ABOUT THIS EXERCISE:
Set out exactly every line of the entries below, starting at the line that holds "Youth Oakland Raiders" and stopping after the line that holds "Mickey Mouse Drives".
======== INFORMATION GIVEN
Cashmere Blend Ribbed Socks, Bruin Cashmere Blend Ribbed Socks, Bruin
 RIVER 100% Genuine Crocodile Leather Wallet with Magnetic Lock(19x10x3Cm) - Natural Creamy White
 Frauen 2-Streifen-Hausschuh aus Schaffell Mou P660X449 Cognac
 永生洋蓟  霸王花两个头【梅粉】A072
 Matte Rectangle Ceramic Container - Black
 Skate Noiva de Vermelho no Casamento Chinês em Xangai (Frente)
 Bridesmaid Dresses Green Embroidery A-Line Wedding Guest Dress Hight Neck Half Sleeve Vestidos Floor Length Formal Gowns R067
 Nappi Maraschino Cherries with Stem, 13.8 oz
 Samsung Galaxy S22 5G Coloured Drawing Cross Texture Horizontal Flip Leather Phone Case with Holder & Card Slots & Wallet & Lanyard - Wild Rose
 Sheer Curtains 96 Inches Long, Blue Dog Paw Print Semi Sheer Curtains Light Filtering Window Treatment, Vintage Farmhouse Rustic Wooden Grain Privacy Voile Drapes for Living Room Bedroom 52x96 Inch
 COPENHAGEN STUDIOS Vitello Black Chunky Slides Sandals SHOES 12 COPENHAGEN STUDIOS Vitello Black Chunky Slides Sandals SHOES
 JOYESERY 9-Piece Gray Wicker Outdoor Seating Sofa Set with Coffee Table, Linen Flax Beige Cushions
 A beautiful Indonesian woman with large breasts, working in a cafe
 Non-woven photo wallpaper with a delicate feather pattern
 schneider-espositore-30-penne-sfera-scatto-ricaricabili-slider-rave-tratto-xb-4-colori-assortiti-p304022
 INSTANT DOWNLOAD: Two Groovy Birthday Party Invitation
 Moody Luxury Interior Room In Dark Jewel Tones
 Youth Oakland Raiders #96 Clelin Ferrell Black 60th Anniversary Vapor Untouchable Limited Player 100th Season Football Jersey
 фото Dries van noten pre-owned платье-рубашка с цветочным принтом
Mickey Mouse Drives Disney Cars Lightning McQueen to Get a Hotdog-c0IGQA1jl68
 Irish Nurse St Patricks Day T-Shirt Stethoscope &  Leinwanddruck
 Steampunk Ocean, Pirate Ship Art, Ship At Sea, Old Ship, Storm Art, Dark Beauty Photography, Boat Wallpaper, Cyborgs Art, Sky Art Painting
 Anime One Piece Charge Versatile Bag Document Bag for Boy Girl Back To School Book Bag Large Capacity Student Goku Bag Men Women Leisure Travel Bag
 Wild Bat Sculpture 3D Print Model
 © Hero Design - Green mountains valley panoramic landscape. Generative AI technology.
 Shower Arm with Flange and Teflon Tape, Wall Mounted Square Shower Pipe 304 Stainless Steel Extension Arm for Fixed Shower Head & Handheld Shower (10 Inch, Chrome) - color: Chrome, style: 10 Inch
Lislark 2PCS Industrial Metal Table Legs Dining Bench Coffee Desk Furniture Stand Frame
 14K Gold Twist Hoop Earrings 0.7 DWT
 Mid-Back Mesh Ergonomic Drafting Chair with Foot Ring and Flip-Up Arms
================
RESPONSE TO THIS TASK:
 Youth Oakland Raiders #96 Clelin Ferrell Black 60th Anniversary Vapor Untouchable Limited Player 100th Season Football Jersey
 фото Dries van noten pre-owned платье-рубашка с цветочным принтом
Mickey Mouse Drives Disney Cars Lightning McQueen to Get a Hotdog-c0IGQA1jl68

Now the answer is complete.